Exercise material:
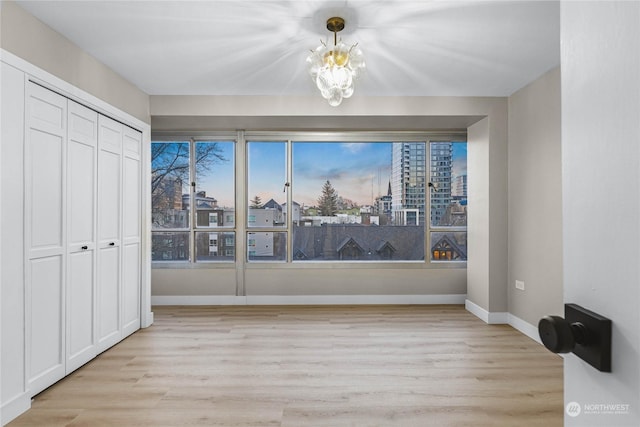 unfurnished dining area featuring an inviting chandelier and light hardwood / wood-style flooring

==

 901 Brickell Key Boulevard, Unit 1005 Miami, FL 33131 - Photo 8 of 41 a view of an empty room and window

...

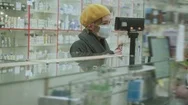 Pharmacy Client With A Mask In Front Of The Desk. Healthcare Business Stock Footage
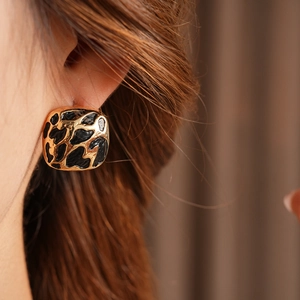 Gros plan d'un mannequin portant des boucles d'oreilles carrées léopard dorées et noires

What this task involves:
What should come back is an exact copy of the lines above from the line with "Pharmacy Client With" to the line with "Gros plan d'un", both included, minus the pictures.

Output of the exercise:
 Pharmacy Client With A Mask In Front Of The Desk. Healthcare Business Stock Footage
 Gros plan d'un mannequin portant des boucles d'oreilles carrées léopard dorées et noires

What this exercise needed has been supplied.